Given data:
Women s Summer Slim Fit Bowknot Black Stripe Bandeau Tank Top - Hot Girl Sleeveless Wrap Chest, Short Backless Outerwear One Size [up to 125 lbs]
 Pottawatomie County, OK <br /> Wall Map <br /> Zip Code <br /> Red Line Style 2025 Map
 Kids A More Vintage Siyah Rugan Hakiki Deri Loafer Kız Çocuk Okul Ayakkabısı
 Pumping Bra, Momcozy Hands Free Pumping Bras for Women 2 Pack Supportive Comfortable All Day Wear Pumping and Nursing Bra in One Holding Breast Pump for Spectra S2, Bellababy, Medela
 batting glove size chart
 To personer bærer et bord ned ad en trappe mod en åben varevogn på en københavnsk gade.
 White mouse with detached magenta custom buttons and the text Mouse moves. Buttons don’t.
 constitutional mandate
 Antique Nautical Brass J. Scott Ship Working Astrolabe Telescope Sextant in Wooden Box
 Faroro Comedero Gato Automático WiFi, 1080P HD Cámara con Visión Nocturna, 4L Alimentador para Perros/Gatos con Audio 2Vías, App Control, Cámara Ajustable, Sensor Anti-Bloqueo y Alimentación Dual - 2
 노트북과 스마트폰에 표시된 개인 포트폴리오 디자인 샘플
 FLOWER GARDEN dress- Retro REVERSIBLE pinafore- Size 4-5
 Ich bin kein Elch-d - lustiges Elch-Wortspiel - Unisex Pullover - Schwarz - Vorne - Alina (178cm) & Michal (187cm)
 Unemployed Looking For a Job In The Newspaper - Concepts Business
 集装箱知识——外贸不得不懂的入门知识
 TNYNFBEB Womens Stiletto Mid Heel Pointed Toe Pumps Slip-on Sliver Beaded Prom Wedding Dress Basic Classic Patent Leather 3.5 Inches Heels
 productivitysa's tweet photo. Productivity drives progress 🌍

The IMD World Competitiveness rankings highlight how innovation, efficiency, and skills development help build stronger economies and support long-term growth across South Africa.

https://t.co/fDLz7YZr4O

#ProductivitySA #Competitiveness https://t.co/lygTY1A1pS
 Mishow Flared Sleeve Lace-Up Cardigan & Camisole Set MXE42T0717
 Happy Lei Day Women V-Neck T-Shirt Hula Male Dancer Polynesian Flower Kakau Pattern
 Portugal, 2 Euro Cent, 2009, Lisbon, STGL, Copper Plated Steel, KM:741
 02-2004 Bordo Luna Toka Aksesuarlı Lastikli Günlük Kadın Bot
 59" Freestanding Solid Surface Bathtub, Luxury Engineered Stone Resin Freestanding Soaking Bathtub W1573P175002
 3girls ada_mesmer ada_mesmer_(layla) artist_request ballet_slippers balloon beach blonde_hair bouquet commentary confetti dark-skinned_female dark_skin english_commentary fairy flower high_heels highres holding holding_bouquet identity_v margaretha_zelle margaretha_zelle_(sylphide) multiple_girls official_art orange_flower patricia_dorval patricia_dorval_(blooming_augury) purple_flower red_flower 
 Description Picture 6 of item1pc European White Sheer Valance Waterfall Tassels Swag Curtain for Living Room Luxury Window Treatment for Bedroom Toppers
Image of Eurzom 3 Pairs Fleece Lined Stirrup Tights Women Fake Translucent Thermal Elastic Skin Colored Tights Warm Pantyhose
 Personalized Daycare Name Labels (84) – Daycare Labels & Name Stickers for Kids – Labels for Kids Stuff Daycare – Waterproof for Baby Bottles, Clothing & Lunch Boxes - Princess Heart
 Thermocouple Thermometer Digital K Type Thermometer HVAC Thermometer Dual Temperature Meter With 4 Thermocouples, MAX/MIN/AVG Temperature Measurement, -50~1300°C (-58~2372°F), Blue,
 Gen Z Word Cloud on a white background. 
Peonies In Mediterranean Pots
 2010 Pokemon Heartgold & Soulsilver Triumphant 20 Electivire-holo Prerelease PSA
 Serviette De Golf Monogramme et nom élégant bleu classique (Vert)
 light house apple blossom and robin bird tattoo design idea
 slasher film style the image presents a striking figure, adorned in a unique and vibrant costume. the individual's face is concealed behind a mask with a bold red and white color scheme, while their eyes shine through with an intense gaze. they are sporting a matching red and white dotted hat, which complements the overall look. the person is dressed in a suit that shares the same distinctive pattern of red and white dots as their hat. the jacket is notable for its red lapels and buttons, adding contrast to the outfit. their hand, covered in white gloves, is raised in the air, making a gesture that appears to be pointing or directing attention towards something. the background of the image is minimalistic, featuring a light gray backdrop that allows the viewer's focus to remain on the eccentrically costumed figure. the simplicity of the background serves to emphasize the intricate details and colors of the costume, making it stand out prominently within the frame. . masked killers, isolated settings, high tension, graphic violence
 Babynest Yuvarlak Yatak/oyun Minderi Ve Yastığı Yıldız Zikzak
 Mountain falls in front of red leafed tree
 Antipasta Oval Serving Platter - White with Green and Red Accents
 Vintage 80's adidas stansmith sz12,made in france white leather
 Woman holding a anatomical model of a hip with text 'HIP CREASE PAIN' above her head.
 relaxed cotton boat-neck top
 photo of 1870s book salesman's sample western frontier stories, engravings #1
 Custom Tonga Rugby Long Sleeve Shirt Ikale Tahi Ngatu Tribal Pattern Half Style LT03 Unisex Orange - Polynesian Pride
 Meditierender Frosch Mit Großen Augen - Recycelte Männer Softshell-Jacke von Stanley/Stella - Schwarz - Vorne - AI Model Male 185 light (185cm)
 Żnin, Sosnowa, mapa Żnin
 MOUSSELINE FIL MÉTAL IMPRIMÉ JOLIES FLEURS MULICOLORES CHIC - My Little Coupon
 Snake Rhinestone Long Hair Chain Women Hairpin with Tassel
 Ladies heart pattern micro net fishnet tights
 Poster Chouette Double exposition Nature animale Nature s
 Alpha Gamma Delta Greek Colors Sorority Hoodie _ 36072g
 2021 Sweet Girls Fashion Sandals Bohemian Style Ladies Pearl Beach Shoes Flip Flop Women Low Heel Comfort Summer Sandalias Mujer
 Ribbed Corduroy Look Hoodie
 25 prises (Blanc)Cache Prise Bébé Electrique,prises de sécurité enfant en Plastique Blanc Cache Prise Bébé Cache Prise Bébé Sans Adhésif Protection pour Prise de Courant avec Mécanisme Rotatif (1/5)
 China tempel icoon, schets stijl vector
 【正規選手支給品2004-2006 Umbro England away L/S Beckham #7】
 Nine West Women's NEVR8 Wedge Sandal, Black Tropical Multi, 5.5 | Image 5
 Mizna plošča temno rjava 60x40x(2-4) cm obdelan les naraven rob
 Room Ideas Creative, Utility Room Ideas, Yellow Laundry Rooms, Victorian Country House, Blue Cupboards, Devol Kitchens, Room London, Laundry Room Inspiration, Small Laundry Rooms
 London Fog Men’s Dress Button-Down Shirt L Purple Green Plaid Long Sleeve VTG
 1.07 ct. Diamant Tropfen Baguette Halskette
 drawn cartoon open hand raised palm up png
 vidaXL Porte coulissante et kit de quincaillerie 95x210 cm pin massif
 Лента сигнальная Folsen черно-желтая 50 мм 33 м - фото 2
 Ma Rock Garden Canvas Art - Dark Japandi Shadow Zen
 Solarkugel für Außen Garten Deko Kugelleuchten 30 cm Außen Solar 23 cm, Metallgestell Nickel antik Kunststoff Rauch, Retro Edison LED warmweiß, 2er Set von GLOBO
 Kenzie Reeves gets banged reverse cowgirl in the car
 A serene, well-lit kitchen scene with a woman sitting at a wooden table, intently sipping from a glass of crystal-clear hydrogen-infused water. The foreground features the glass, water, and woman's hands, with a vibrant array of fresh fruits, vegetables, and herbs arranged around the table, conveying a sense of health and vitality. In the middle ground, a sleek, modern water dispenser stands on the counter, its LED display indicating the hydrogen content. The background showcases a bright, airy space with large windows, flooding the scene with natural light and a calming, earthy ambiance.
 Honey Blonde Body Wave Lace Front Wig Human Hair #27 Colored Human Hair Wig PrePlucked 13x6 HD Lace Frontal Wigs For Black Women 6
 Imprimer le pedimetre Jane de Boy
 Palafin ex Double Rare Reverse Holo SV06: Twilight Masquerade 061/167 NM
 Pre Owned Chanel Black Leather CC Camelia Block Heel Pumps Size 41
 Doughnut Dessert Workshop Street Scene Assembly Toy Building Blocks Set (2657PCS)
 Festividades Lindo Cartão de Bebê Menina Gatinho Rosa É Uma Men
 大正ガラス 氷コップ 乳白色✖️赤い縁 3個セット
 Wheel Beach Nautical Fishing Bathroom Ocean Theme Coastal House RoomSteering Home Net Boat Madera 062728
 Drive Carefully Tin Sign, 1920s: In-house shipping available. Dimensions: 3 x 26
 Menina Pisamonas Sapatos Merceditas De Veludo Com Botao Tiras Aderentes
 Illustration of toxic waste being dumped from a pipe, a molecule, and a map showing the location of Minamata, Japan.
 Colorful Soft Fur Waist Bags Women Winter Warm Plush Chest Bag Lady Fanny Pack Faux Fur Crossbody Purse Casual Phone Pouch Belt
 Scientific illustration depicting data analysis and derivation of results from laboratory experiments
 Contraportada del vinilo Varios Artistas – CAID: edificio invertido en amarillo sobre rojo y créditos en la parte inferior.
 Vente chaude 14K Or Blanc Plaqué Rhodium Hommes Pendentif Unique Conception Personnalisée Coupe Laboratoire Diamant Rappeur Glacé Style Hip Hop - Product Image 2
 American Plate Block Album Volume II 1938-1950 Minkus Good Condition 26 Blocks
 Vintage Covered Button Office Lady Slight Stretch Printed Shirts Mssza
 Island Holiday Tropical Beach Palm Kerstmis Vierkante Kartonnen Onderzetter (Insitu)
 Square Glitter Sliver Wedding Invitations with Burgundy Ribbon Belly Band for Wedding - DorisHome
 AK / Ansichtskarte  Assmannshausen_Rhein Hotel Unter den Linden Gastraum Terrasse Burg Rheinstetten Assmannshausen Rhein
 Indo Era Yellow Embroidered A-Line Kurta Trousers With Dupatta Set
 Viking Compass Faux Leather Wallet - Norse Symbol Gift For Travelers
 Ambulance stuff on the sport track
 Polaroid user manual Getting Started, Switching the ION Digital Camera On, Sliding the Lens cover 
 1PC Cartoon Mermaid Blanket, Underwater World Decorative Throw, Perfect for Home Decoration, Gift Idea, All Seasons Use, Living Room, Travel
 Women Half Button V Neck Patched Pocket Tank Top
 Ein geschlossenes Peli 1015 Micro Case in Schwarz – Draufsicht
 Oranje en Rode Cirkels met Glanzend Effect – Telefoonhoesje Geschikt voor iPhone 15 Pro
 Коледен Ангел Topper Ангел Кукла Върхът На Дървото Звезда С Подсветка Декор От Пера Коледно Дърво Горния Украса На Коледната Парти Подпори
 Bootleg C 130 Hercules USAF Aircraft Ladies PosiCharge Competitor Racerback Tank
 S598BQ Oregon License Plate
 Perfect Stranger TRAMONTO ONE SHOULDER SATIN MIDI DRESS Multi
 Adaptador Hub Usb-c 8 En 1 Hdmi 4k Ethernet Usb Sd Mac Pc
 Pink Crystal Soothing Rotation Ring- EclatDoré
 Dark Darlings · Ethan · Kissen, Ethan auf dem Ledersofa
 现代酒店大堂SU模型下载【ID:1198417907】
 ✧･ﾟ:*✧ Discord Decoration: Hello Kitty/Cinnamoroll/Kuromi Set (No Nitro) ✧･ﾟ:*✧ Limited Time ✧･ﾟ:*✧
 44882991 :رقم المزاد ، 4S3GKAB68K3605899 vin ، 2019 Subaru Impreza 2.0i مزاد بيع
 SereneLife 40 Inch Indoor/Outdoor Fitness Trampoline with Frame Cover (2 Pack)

Work order: Return the span of lines in the data above that opens at the line with "Antique Nautical Brass" and closes at the line with "productivitysa's tweet photo.", exactly, ends included, nothing else.

Written solution:
 Antique Nautical Brass J. Scott Ship Working Astrolabe Telescope Sextant in Wooden Box
 Faroro Comedero Gato Automático WiFi, 1080P HD Cámara con Visión Nocturna, 4L Alimentador para Perros/Gatos con Audio 2Vías, App Control, Cámara Ajustable, Sensor Anti-Bloqueo y Alimentación Dual - 2
 노트북과 스마트폰에 표시된 개인 포트폴리오 디자인 샘플
 FLOWER GARDEN dress- Retro REVERSIBLE pinafore- Size 4-5
 Ich bin kein Elch-d - lustiges Elch-Wortspiel - Unisex Pullover - Schwarz - Vorne - Alina (178cm) & Michal (187cm)
 Unemployed Looking For a Job In The Newspaper - Concepts Business
 集装箱知识——外贸不得不懂的入门知识
 TNYNFBEB Womens Stiletto Mid Heel Pointed Toe Pumps Slip-on Sliver Beaded Prom Wedding Dress Basic Classic Patent Leather 3.5 Inches Heels
 productivitysa's tweet photo. Productivity drives progress 🌍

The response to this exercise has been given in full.